— EXERCISE —
Include the line containing "Jewelry Box Bead" and all lines before it, repeated exactly from the listing below, without pictures.

— SOURCE DATA —

┌──

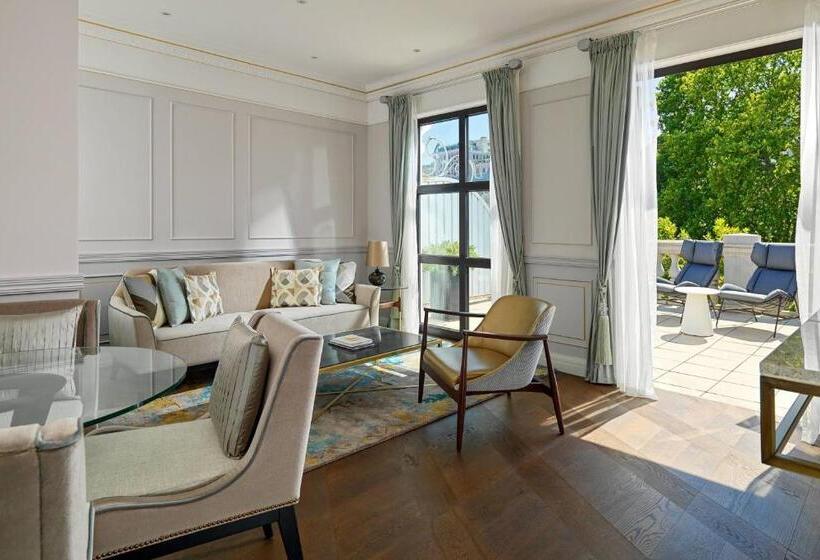 سوییت اجرایی, Tbilisi Marriott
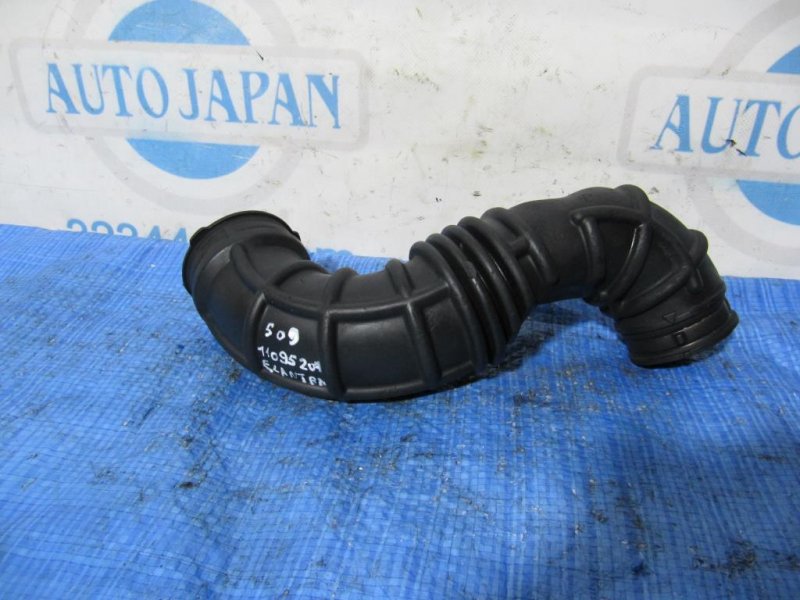 Патрубок воздушного фильтра HYUNDAI ELANTRA HD 06-11 Седан 1.6 28130-2H000 Б/У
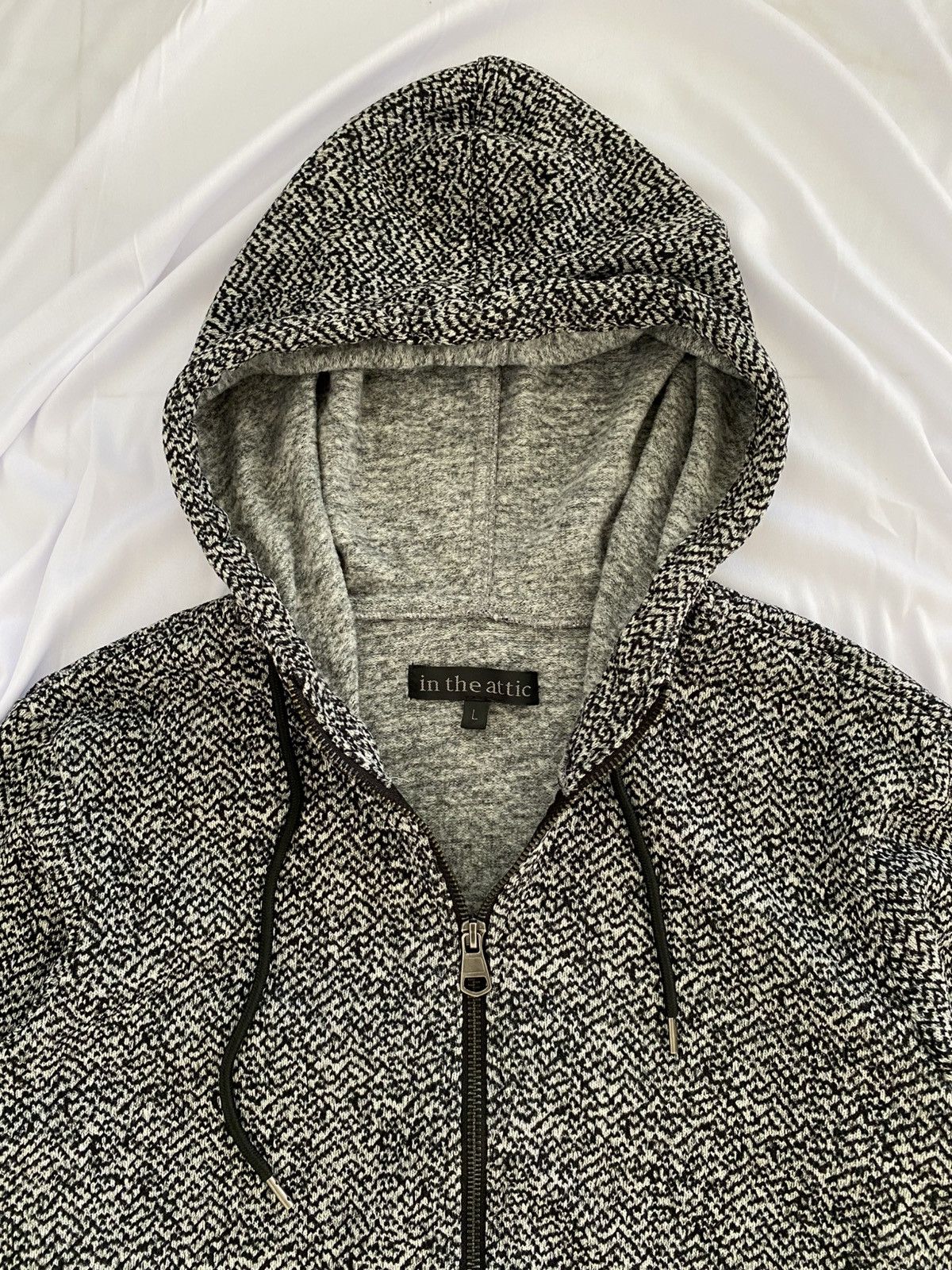 In The Attic japanese brand in the attic hoodies Size US L / EU 52-54 / 3 - 6 Thumbnail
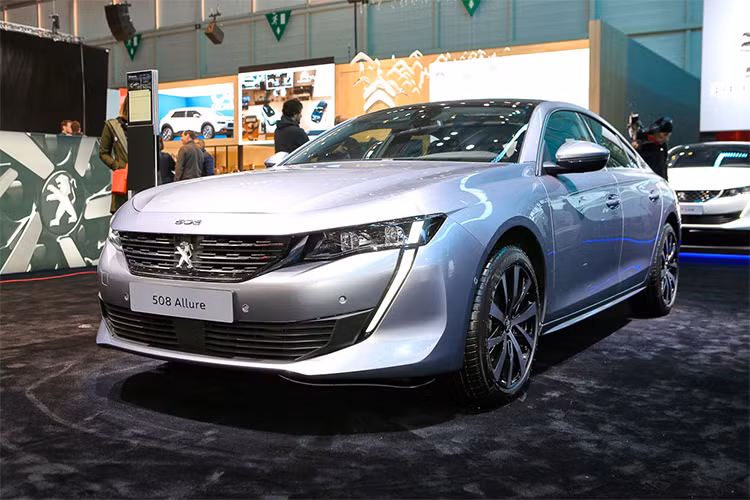 Về thiết kế ngoại thất, so với đời trước Peugeot 508 thế hệ mới thể thao và sắc nét hơn nhiều, phù hợp hơn với đối tượng khách hàng trẻ tuổi. Thương hiệu Peugeot cũng đã tái hiện hình ảnh coupe sedan thể thao mà người hâm mộ đã từng thấy trên mẫu Instinct concept từng được giới thiệu cũng tịa Geneva Motor Show năm ngoái. 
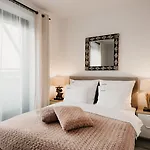 Exclusive Aparthotel Breslavia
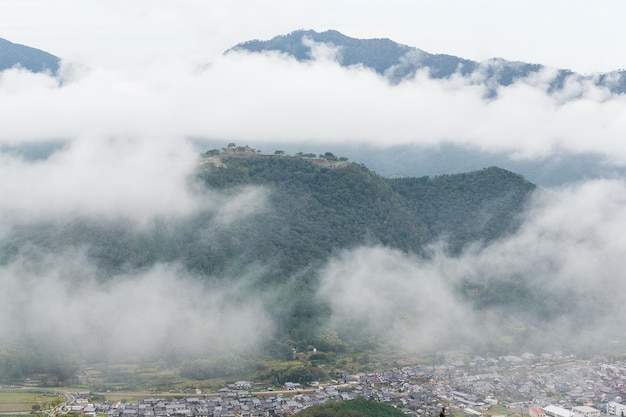 Mare di nuvole e Castello di Takeda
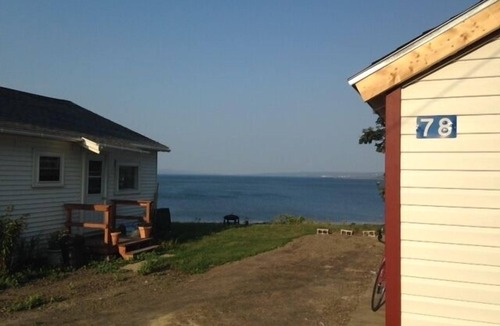 Digby House | Beautiful Seaside Cottage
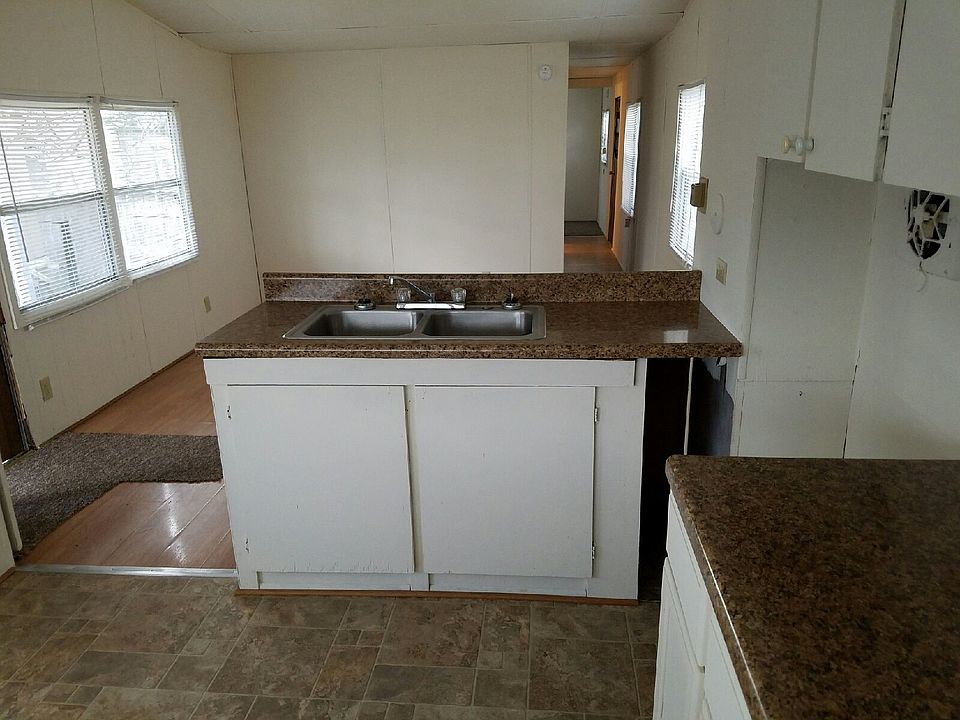 Kitchen/living room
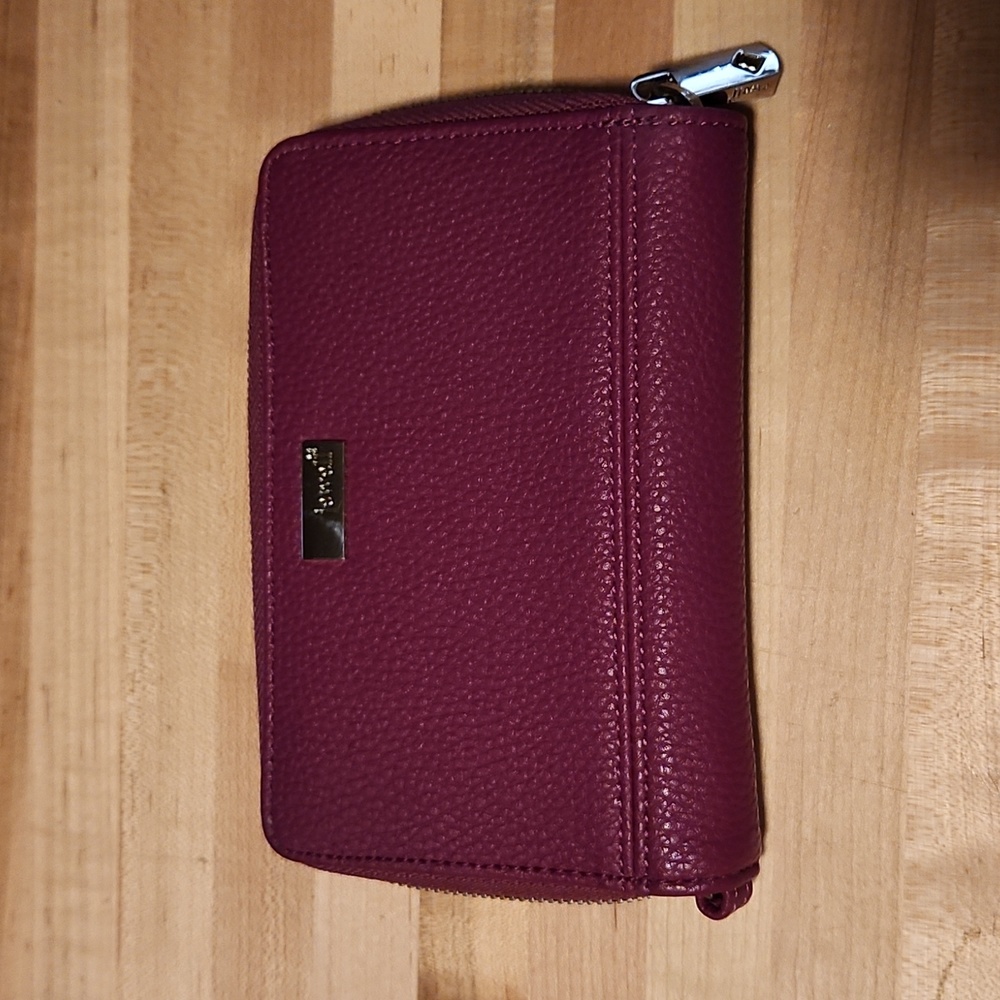 NWOT Thirty-one Rolling Jewell Wallet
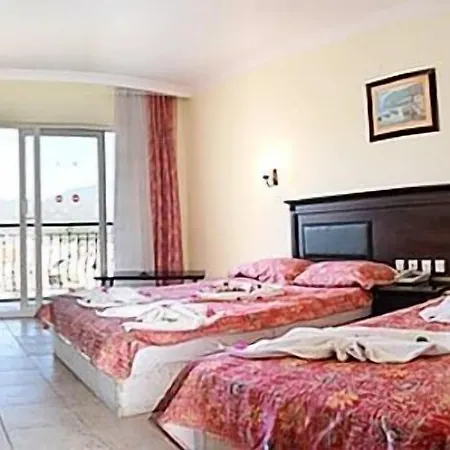 Club Dorado 3* マルマリス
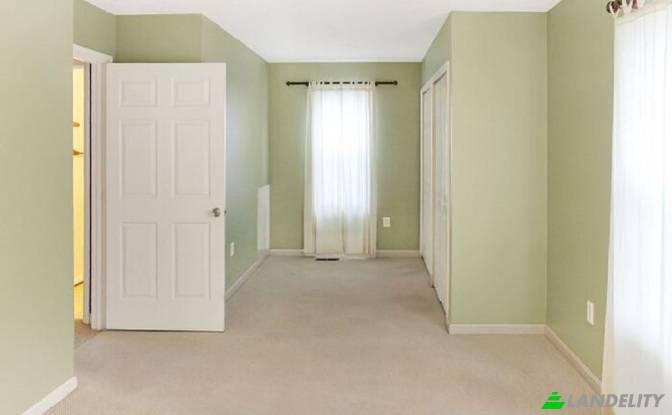 Single Family Home for Rent Mockingbird Cir. Photo#2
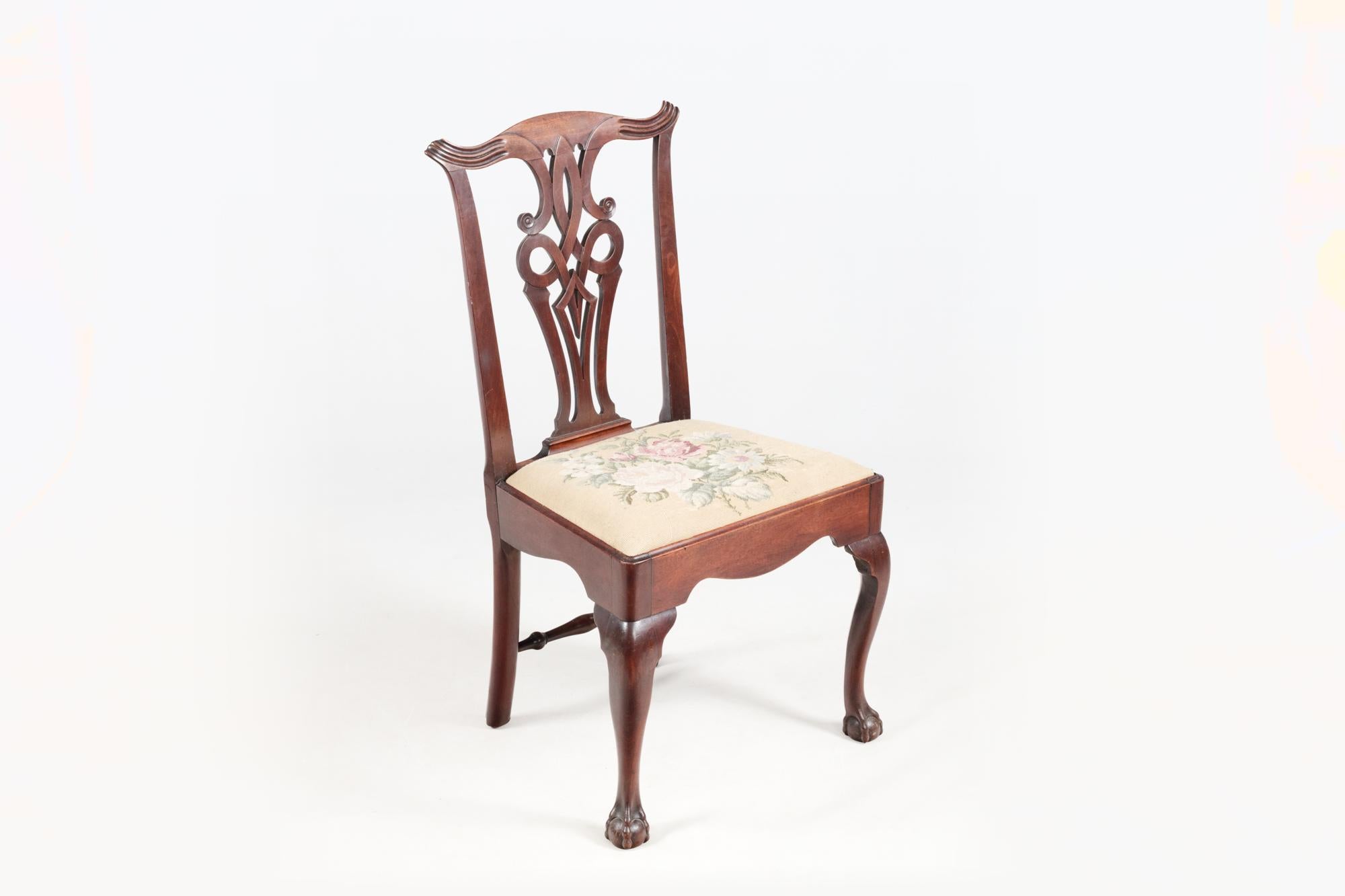 Brodé Paire de chaises de style Chippendale en acajou du 18ème siècle en vente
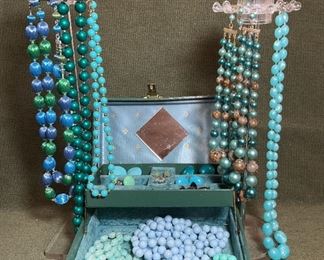 Jewelry Box Bead Strands In Blue  Green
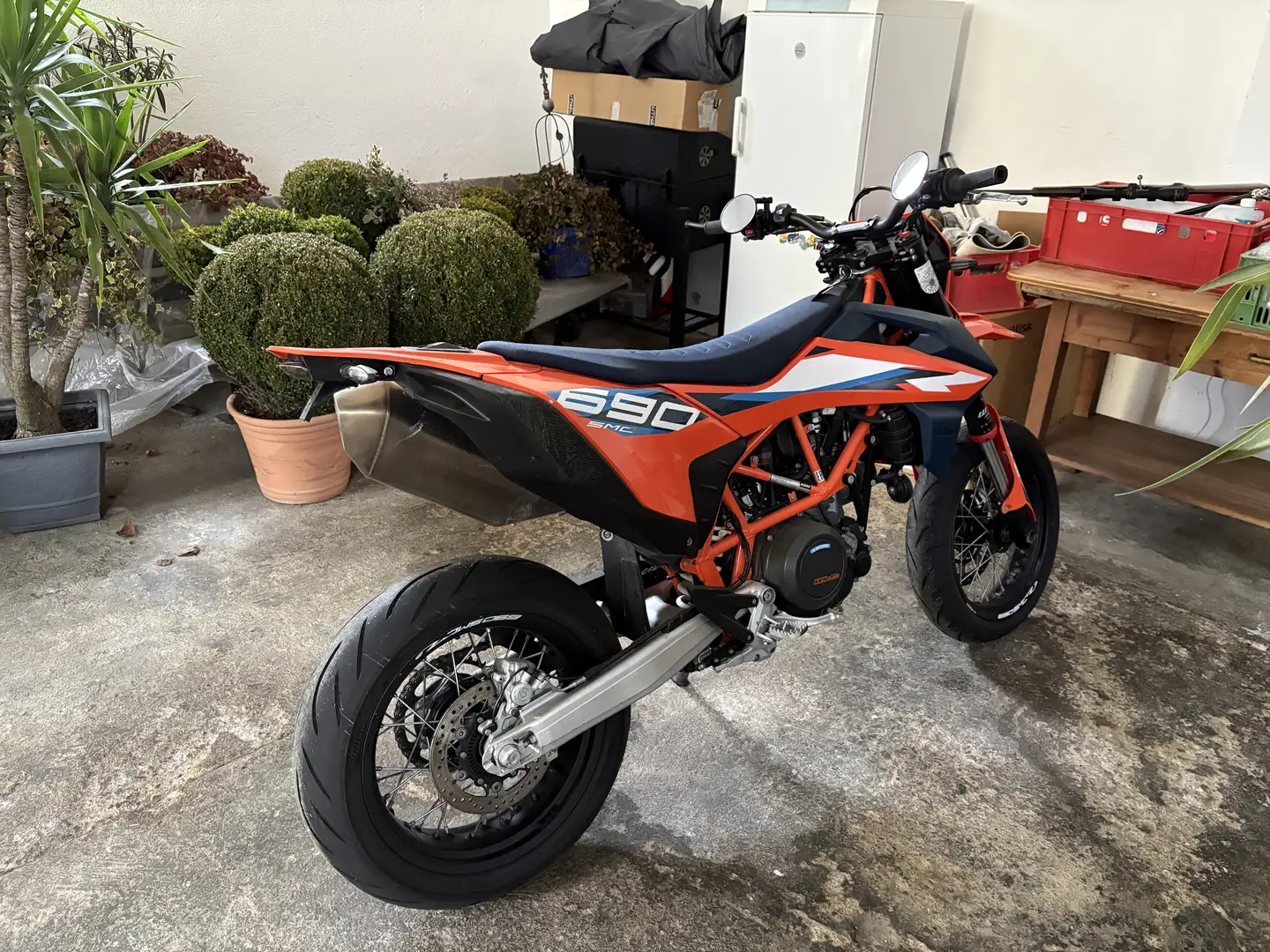 KTM 690 SMC R Naranja - 1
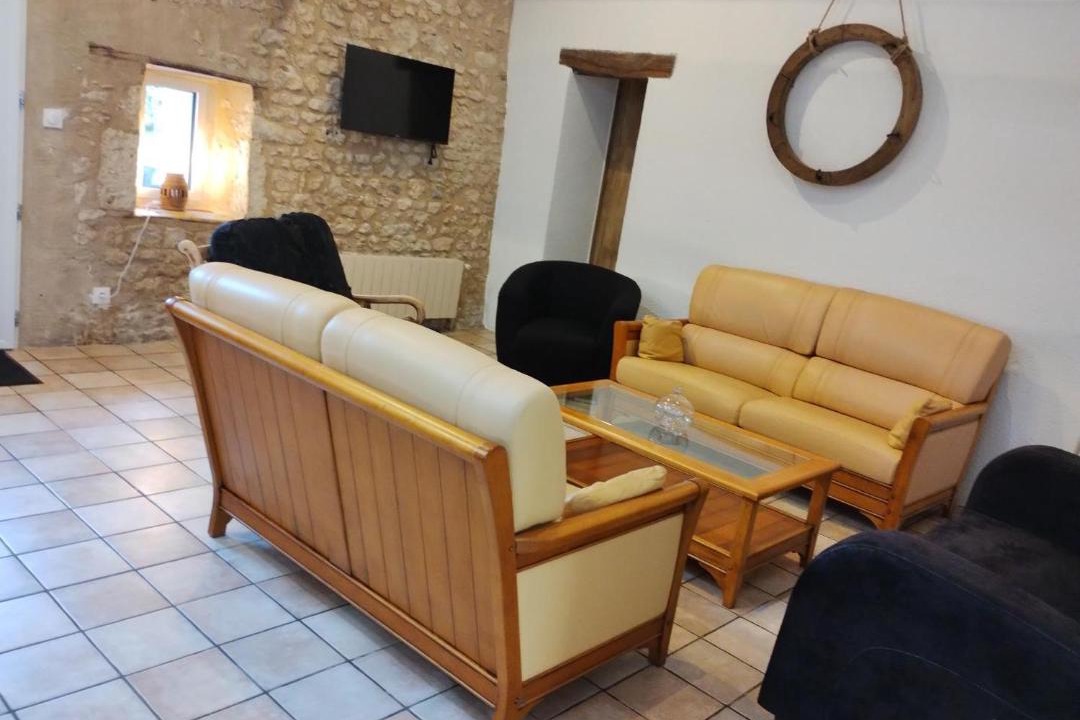 Photo of Livingroom in Lhommaize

└──

— SOLVED EXERCISE —
 سوییت اجرایی, Tbilisi Marriott
 Патрубок воздушного фильтра HYUNDAI ELANTRA HD 06-11 Седан 1.6 28130-2H000 Б/У
 In The Attic japanese brand in the attic hoodies Size US L / EU 52-54 / 3 - 6 Thumbnail
 Về thiết kế ngoại thất, so với đời trước Peugeot 508 thế hệ mới thể thao và sắc nét hơn nhiều, phù hợp hơn với đối tượng khách hàng trẻ tuổi. Thương hiệu Peugeot cũng đã tái hiện hình ảnh coupe sedan thể thao mà người hâm mộ đã từng thấy trên mẫu Instinct concept từng được giới thiệu cũng tịa Geneva Motor Show năm ngoái. 
 Exclusive Aparthotel Breslavia
 Mare di nuvole e Castello di Takeda
 Digby House | Beautiful Seaside Cottage
 Kitchen/living room
 NWOT Thirty-one Rolling Jewell Wallet
 Club Dorado 3* マルマリス
 Single Family Home for Rent Mockingbird Cir. Photo#2
 Brodé Paire de chaises de style Chippendale en acajou du 18ème siècle en vente
 Jewelry Box Bead Strands In Blue  Green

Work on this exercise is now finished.